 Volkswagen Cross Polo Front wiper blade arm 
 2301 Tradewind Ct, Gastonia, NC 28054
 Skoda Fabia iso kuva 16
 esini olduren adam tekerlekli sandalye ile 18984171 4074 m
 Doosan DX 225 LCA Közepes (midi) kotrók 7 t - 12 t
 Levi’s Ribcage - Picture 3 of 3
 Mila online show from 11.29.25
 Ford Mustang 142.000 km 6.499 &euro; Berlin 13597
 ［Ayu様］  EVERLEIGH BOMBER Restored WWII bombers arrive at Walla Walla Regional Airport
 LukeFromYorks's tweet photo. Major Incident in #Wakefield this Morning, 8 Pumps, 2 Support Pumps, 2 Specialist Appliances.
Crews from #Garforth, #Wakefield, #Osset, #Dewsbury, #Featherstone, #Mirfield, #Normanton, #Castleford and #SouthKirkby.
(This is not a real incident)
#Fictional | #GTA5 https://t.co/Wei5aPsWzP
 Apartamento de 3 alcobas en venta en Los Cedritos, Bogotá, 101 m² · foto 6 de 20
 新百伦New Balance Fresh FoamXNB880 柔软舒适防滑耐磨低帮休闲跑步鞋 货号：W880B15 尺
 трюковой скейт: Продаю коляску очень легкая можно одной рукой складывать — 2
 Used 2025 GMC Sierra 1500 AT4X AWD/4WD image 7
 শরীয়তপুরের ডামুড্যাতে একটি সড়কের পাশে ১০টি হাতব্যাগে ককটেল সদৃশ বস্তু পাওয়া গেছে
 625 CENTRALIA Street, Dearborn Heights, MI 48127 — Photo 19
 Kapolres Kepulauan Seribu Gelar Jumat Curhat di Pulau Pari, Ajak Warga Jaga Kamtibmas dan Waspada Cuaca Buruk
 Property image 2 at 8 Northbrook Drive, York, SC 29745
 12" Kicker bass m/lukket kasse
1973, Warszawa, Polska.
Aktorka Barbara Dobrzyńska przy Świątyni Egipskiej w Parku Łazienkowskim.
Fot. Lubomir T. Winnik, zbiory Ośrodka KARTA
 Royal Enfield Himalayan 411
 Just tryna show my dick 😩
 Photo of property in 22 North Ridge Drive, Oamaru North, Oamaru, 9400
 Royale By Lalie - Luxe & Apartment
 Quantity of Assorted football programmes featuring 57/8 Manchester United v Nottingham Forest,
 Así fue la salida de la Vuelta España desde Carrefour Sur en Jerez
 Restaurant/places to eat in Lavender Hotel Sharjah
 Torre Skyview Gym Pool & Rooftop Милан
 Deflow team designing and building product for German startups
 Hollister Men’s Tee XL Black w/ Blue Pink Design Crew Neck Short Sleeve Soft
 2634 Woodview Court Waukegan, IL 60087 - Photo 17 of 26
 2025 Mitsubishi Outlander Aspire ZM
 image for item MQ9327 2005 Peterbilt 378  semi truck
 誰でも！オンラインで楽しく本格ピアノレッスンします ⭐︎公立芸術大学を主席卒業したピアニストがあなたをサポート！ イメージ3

+-------+

**Task instructions**
Begin with the first line of the listing and copy exactly through the line that contains "Used 2025 GMC", please, keeping both ends and leaving out everything after.

**Answer space**
 Volkswagen Cross Polo Front wiper blade arm 
 2301 Tradewind Ct, Gastonia, NC 28054
 Skoda Fabia iso kuva 16
 esini olduren adam tekerlekli sandalye ile 18984171 4074 m
 Doosan DX 225 LCA Közepes (midi) kotrók 7 t - 12 t
 Levi’s Ribcage - Picture 3 of 3
 Mila online show from 11.29.25
 Ford Mustang 142.000 km 6.499 &euro; Berlin 13597
 ［Ayu様］  EVERLEIGH BOMBER Restored WWII bombers arrive at Walla Walla Regional Airport
 LukeFromYorks's tweet photo. Major Incident in #Wakefield this Morning, 8 Pumps, 2 Support Pumps, 2 Specialist Appliances.
Crews from #Garforth, #Wakefield, #Osset, #Dewsbury, #Featherstone, #Mirfield, #Normanton, #Castleford and #SouthKirkby.
(This is not a real incident)
#Fictional | #GTA5 https://t.co/Wei5aPsWzP
 Apartamento de 3 alcobas en venta en Los Cedritos, Bogotá, 101 m² · foto 6 de 20
 新百伦New Balance Fresh FoamXNB880 柔软舒适防滑耐磨低帮休闲跑步鞋 货号：W880B15 尺
 трюковой скейт: Продаю коляску очень легкая можно одной рукой складывать — 2
 Used 2025 GMC Sierra 1500 AT4X AWD/4WD image 7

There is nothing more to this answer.